Single by Bananarama

from the album Pop Life
- B-side: "Megalomaniac"
- Released: 24 December 1990
- Genre: Indie dance
- Length: 3:15 (album version); 3:38 (alternative 7-inch mix);
- Label: London
- Songwriters: Sara Dallin; Andy Caine; Youth;
- Producer: Youth

Bananarama singles chronology
| "Only Your Love" (1990) | "Preacher Man" (1990) | "Long Train Running" (1991) |

Music video
- "Preacher Man" on YouTube

= Preacher Man =

"Preacher Man" is a song recorded by the English girl group Bananarama. It appears on the group's fifth studio album, Pop Life (1991), and was released as the album's second single. The track was co-written and produced by Youth with additional production and remix by Shep Pettibone.

"Tripping on Your Love" had been originally slated as the second single from the album, and some promotional singles of the song were sent to radio stations in late 1990. Around this time, group member Sara Dallin contracted meningitis, which delayed the release of the single some months. When she recovered, London Records decided "Preacher Man" was a better choice for a single and so it was released in December 1990. "Tripping on Your Love" was eventually released as the album's fourth single.

The indie dance song became the highest-charting and biggest-selling single released from the Pop Life album, climbing to number 20 on the UK Singles Chart. The single was Bananarama's last appearance in the UK top 20 until "Move in My Direction" in 2005. In Australia, the single peaked at number 147 on the Australian ARIA singles chart. "Preacher Man" was not released in the United States.

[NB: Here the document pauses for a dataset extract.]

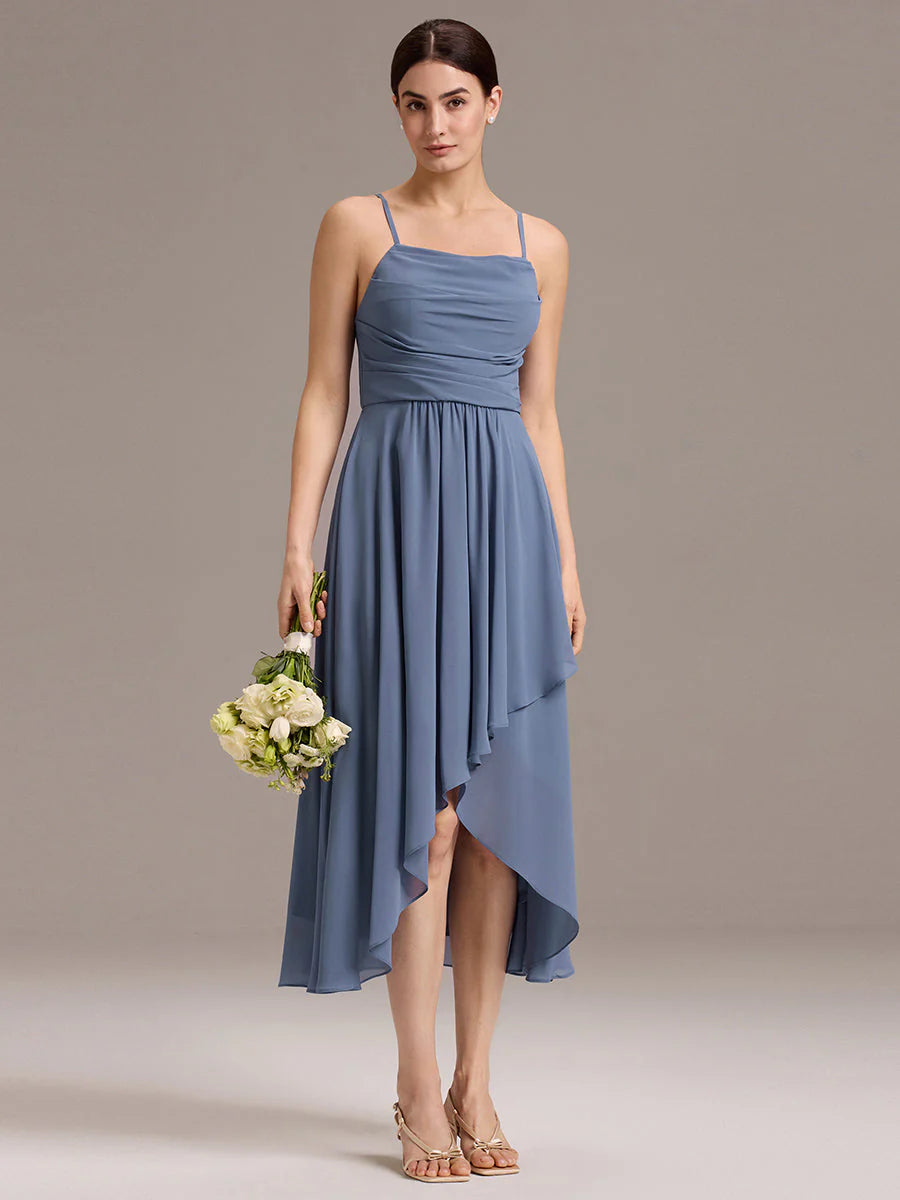Custom Solutions Sleeveless Cowl Neck High-Low A-Line Non-Stretch Bridesmaid Dresses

The song was performed on the Original Line Up Tour during 2017–2018. Despite being recorded after she left, original member Siobhan Fahey has always liked the song and chose to include it in the setlist.

==Critical reception==
Everett True from Melody Maker wrote, "Bananarama, still in the forefront of the musical revolution, put out a new record which, stylistically, borrows very heavily from Shakespear's Sister, and, musically, borrows reasonably heavily from Happy Mondays' funk/bass thang. Vocally, of course, they are their usual SAW selves, with an nifty helping hand or two from the ubiquitous Youth. And, all things considered, this is no bad thing." Pan-European magazine Music & Media stated, "Strong hooks and strong looks. A catchy tune with undeniable pop appeal. Watch the striking harp solo in the middle." Andrew Collins from NME said "Bananarama's difficult 'second' indie-dance-glossover single is one."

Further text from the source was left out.